30. If you look for secrets in the market you will only find things that no one cares about. It is better to use the tools, which will be
covered in the next section.
31. Never ask for someone else's opinion, they probably did not do as much homework as you did anyways.
32. When the market is going up, you should say it aloud. When the market is going down, you want to say that aloud too. The reason for this is
that you’d be amazed at how hard it is to say what is literally going on in front of you when your mind is full of preconceived opinions.
33. Successful day trading requires flexibility. You have to do your homework so that you can understand the full potential for both sides of
the market. This will allow you to make your trades based on what the market is doing at the time of the trade.
34. Here is a quote that would be good for you to remember: “When you wake up, your instincts are wrong.”
35. When you make a mistake of discipline, whine like a fool to anyone that will listen. Any errors that are made in discipline are mistakes
you will keep on making for many years. Wearing ashes and sack cloth may help you to extend the time before you do it again.
36. If you whined or got fidgety while you read this list, then you share two obvious characteristics with many other traders:
A. You have traded long enough to recognize that you (not the market) make mistakes, and you try to overcome them.
B. This fact is awkward, you have become part of the market and you can never leave. No matter where life takes you, you will always check
the market and you will also always want to continue being a part of it.
1. For small accounts ($25,000 and under), like I said before you need to trade with the trend. Many beginners look for trades
that flow in any direction. While forex trading easily permits bi-directional trading, trading in the direction of the trend improves
your odds over the long run.
2. You should have at least two accounts. One real account and the other a demo account. Learning doesn't stop when trading real
dollars begins. Keep the demo account and use it to test any alternative trades etc. For example, you can shadow your real trades with
identical ones in your demo account, but you will want to widen your stops in the demo in an effort to see if you're being too
conservative.
3. You have to stop looking for leading indicators because there aren't any. While some firms make a lot of money selling software
that predicts the future, the reality is that if those products really worked, they wouldn't be telling you about it.
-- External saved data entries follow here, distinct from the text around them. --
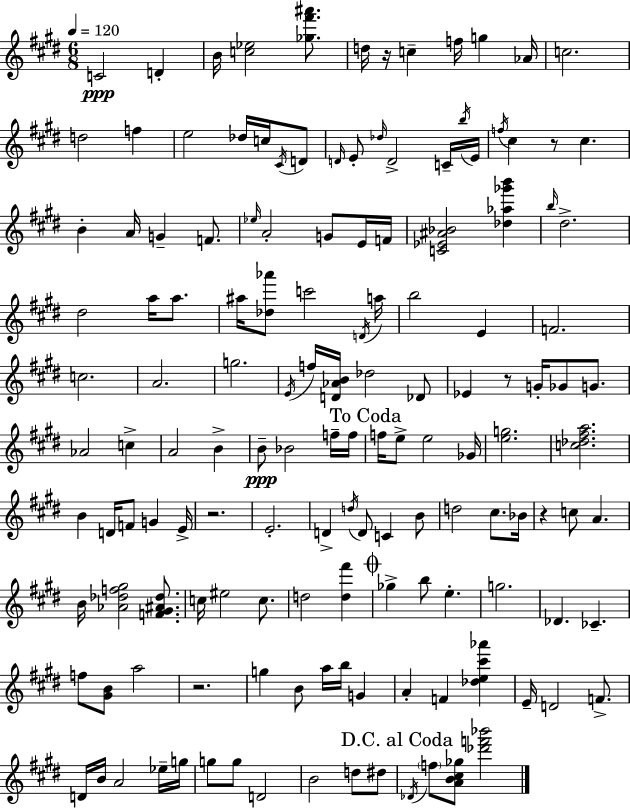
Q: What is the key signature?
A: E major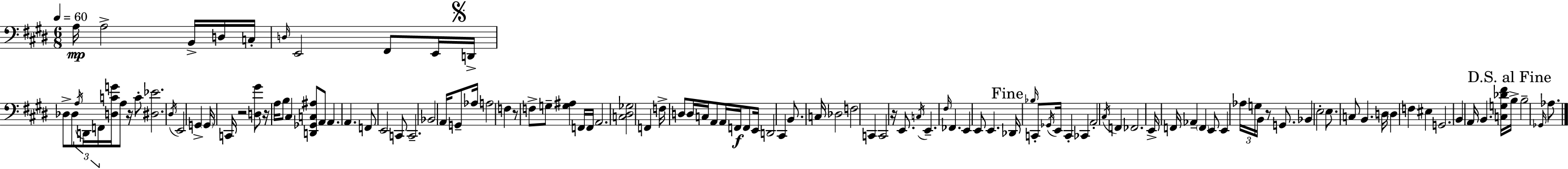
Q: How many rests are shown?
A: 6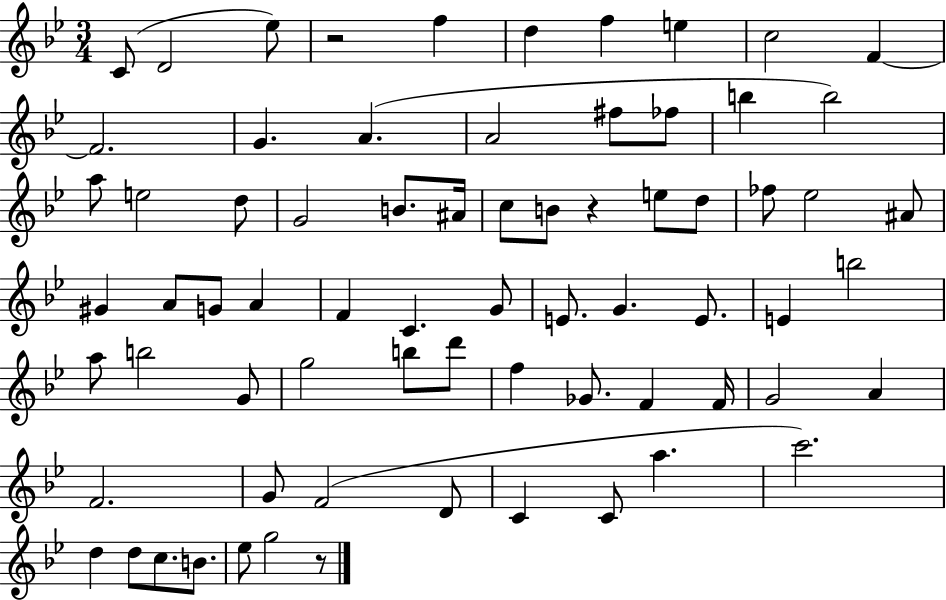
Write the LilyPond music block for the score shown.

{
  \clef treble
  \numericTimeSignature
  \time 3/4
  \key bes \major
  c'8( d'2 ees''8) | r2 f''4 | d''4 f''4 e''4 | c''2 f'4~~ | \break f'2. | g'4. a'4.( | a'2 fis''8 fes''8 | b''4 b''2) | \break a''8 e''2 d''8 | g'2 b'8. ais'16 | c''8 b'8 r4 e''8 d''8 | fes''8 ees''2 ais'8 | \break gis'4 a'8 g'8 a'4 | f'4 c'4. g'8 | e'8. g'4. e'8. | e'4 b''2 | \break a''8 b''2 g'8 | g''2 b''8 d'''8 | f''4 ges'8. f'4 f'16 | g'2 a'4 | \break f'2. | g'8 f'2( d'8 | c'4 c'8 a''4. | c'''2.) | \break d''4 d''8 c''8. b'8. | ees''8 g''2 r8 | \bar "|."
}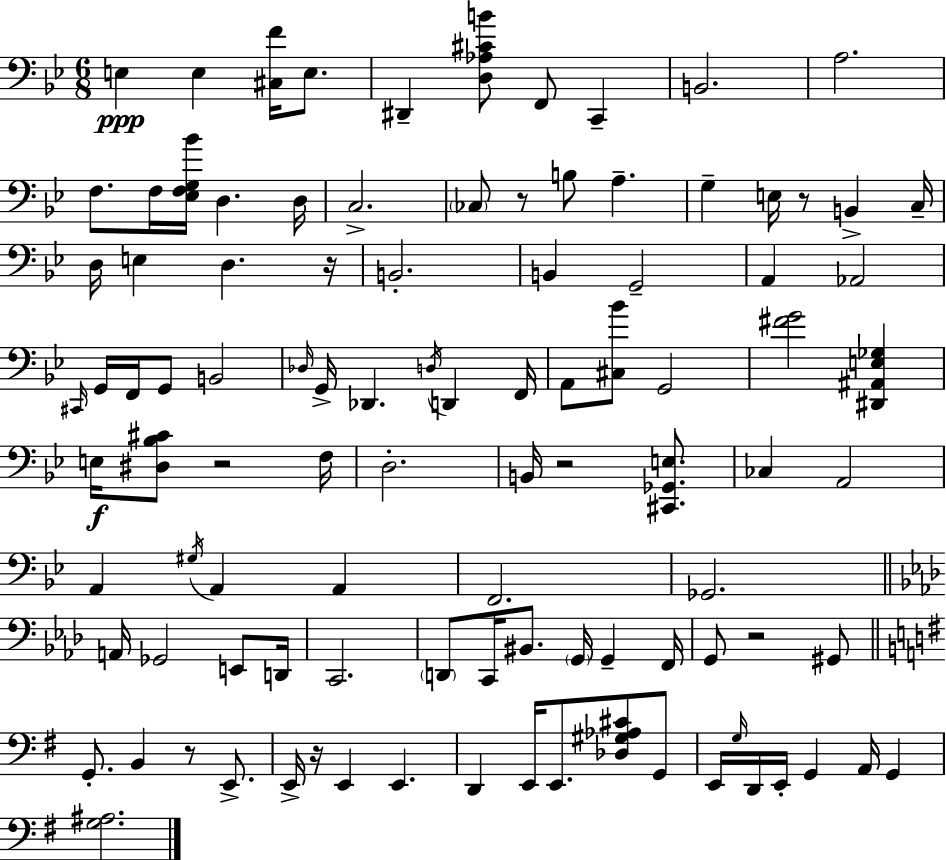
{
  \clef bass
  \numericTimeSignature
  \time 6/8
  \key g \minor
  \repeat volta 2 { e4\ppp e4 <cis f'>16 e8. | dis,4-- <d aes cis' b'>8 f,8 c,4-- | b,2. | a2. | \break f8. f16 <ees f g bes'>16 d4. d16 | c2.-> | \parenthesize ces8 r8 b8 a4.-- | g4-- e16 r8 b,4-> c16-- | \break d16 e4 d4. r16 | b,2.-. | b,4 g,2-- | a,4 aes,2 | \break \grace { cis,16 } g,16 f,16 g,8 b,2 | \grace { des16 } g,16-> des,4. \acciaccatura { d16 } d,4 | f,16 a,8 <cis bes'>8 g,2 | <fis' g'>2 <dis, ais, e ges>4 | \break e16\f <dis bes cis'>8 r2 | f16 d2.-. | b,16 r2 | <cis, ges, e>8. ces4 a,2 | \break a,4 \acciaccatura { gis16 } a,4 | a,4 f,2. | ges,2. | \bar "||" \break \key aes \major a,16 ges,2 e,8 d,16 | c,2. | \parenthesize d,8 c,16 bis,8. \parenthesize g,16 g,4-- f,16 | g,8 r2 gis,8 | \break \bar "||" \break \key e \minor g,8.-. b,4 r8 e,8.-> | e,16-> r16 e,4 e,4. | d,4 e,16 e,8. <des gis aes cis'>8 g,8 | e,16 \grace { g16 } d,16 e,16-. g,4 a,16 g,4 | \break <g ais>2. | } \bar "|."
}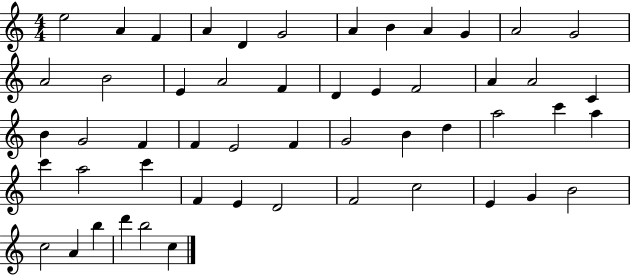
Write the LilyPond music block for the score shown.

{
  \clef treble
  \numericTimeSignature
  \time 4/4
  \key c \major
  e''2 a'4 f'4 | a'4 d'4 g'2 | a'4 b'4 a'4 g'4 | a'2 g'2 | \break a'2 b'2 | e'4 a'2 f'4 | d'4 e'4 f'2 | a'4 a'2 c'4 | \break b'4 g'2 f'4 | f'4 e'2 f'4 | g'2 b'4 d''4 | a''2 c'''4 a''4 | \break c'''4 a''2 c'''4 | f'4 e'4 d'2 | f'2 c''2 | e'4 g'4 b'2 | \break c''2 a'4 b''4 | d'''4 b''2 c''4 | \bar "|."
}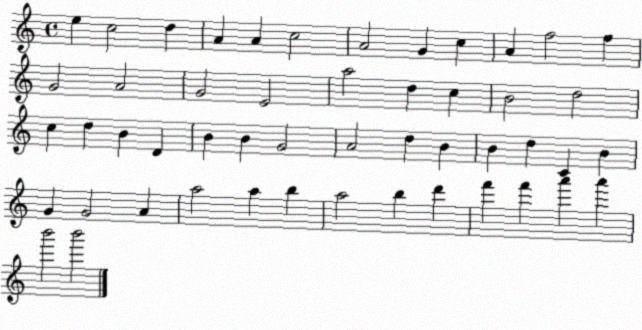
X:1
T:Untitled
M:4/4
L:1/4
K:C
e c2 d A A c2 A2 G c A f2 f G2 A2 G2 E2 a2 d c B2 d2 c d B D B B G2 A2 d B B d C B G G2 A a2 a b a2 b d' f' f' a' a' b'2 b'2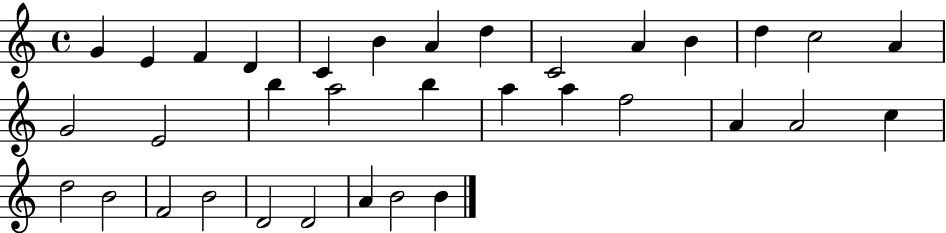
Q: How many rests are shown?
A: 0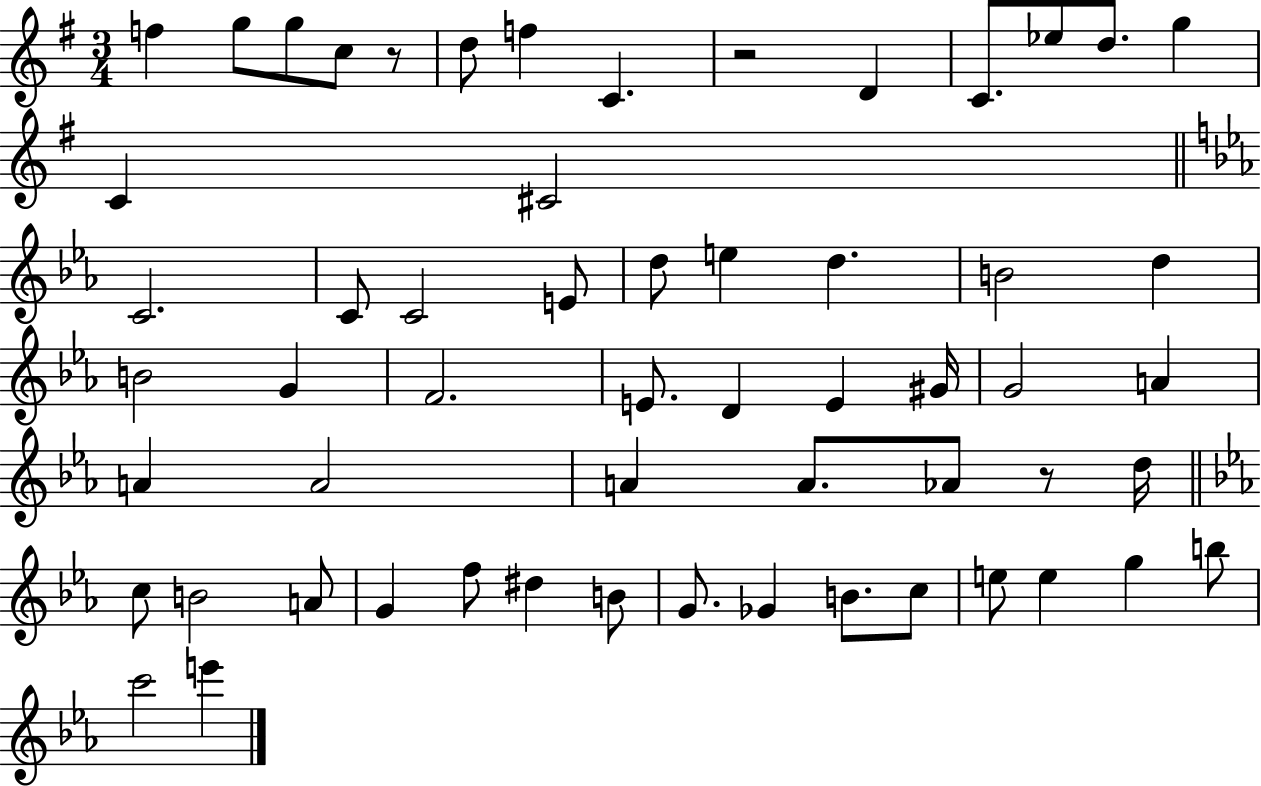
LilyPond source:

{
  \clef treble
  \numericTimeSignature
  \time 3/4
  \key g \major
  f''4 g''8 g''8 c''8 r8 | d''8 f''4 c'4. | r2 d'4 | c'8. ees''8 d''8. g''4 | \break c'4 cis'2 | \bar "||" \break \key c \minor c'2. | c'8 c'2 e'8 | d''8 e''4 d''4. | b'2 d''4 | \break b'2 g'4 | f'2. | e'8. d'4 e'4 gis'16 | g'2 a'4 | \break a'4 a'2 | a'4 a'8. aes'8 r8 d''16 | \bar "||" \break \key c \minor c''8 b'2 a'8 | g'4 f''8 dis''4 b'8 | g'8. ges'4 b'8. c''8 | e''8 e''4 g''4 b''8 | \break c'''2 e'''4 | \bar "|."
}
4. Examine the daily charts, the four-hour charts and one-hour charts are there to assist you in timing your trades. While you are
trading at 30- and 15-minute time increments, it takes a great deal of dexterity.
5. Don't trade the time frame that is offered. Trade the pattern instead. Reversal patterns, hesitation patterns and breakout
patterns show up a lot. Learn to look for the pattern in any time frame.
6. If you have the right amount of money, trading two lots is safer than just
trading one. Trading three lots is safer than two etc. Trading is a big pile of
emotions, technical analysis and money management. One lot alone makes it difficult to weigh these elements in deciding to enter or
exit.
7. Extreme trading can be the most conservative trading when you think about it. Trading at the extremes increases the odds that
you have chosen the right direction.
8. You should fully check the Big Five  the dollar/yen, euro/dollar, Swiss franc/dollar, euro/yen and pound/dollar
before you decide to take a position in any one of them. There might be something obvious that you’ve missed.
9. Follow the Upside Down Rule. If you can turn a chart upside down and it still looks the same, avoid it all together.
10. Don't keep count of your profits in your first 20 trades. Keep track of the percentage of wins instead. Once you know you can
pick direction, profits can be increased with multi-plot trading and by using variations in your stops. In other words, now is the time
to get serious about your personal money management.